The patient had an uncomplicated postoperative recovery. One of the removed stones that calcified over the inserted copper wire is shown in Figure 4. After fragmenting the stone, the copper wire, measuring about 6 cm in length, became visible. Analysis showed that the bladder calculi were composed primarily of calcium carbonate phosphate with a trace of magnesium ammonium phosphate. The patient’s creatinine levels decreased to a baseline of 166 μmol/L with relief of the obstruction. A follow-up voiding cystogram showed no leakage with good bladder emptying. We did not request a psychiatric assessment for our patient because he had no apparent psychiatric illness. His teenage experience was most likely a form of sexual stimulation.
Discussion
Risk factors for bladder calculi include urinary stasis, infection and the presence of foreign bodies. Typical presentations include bladder outlet obstruction, urinary tract infection, terminal hematuria, intermittent pain and irritating urinary symptoms such as frequency, urgency and dysuria.

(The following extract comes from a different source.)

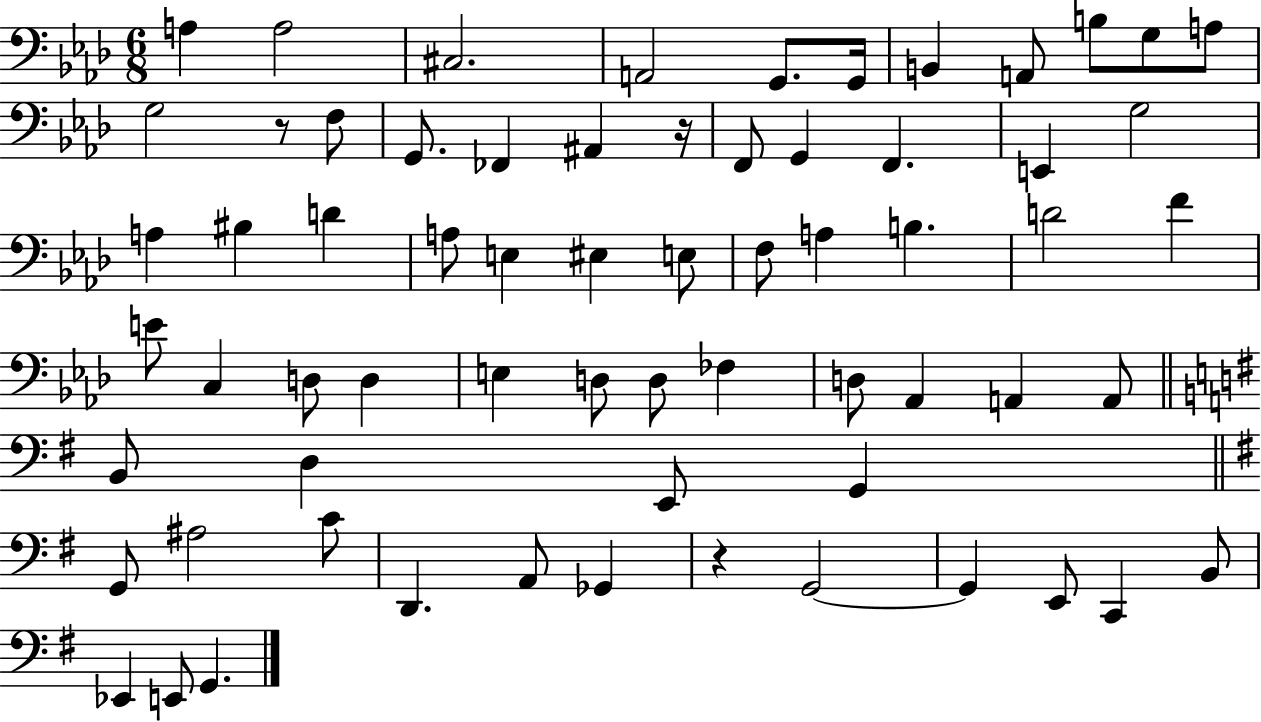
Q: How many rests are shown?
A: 3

Foreign bodies may be introduced into the bladder iatrogenically, via migration from adjacent organs, by penetrating injuries or, as in our patient, by self-insertion, which is usually a result of eroticism, inquisitiveness or psychiatric illness.1 In cases of self-insertion, psychiatric evaluation has been suggested.2,3 A multitude of foreign bodies, including intrauterine devices, medical sutures, hair, wires and artificial urinary sphincters, have been associated with bladder calculi.1,2,4–9
In our patient, bladder calculi induced by the presence of a foreign body were the result of self-insertion. Our patient’s case was unique for several reasons. First, the mild obstructive urinary symptoms and the absence of severe infection for 15 years were surprising given the number of intravesical foreign bodies and the size of the calculi at presentation. Second, it demonstrates how patients with foreign bodies can progress to life-threatening acute renal failure, thus indicating the importance of definitive management with all vesical foreign bodies. Urological history taking had to be stressed to confirm the presenting symptoms because our patient was embarrassed to reveal his urinary history. To our knowledge, no other cases have been reported of foreign body–induced bladder calculi leading to acute renal failure.
Conclusion
Foreign body–induced bladder calculi are a diagnostic and therapeutic challenge. Our patient’s case demonstrated an atypical and serious presentation that can result years after initial foreign body placement.
Footnotes
Competing interests: None declared.
This article has been peer reviewed.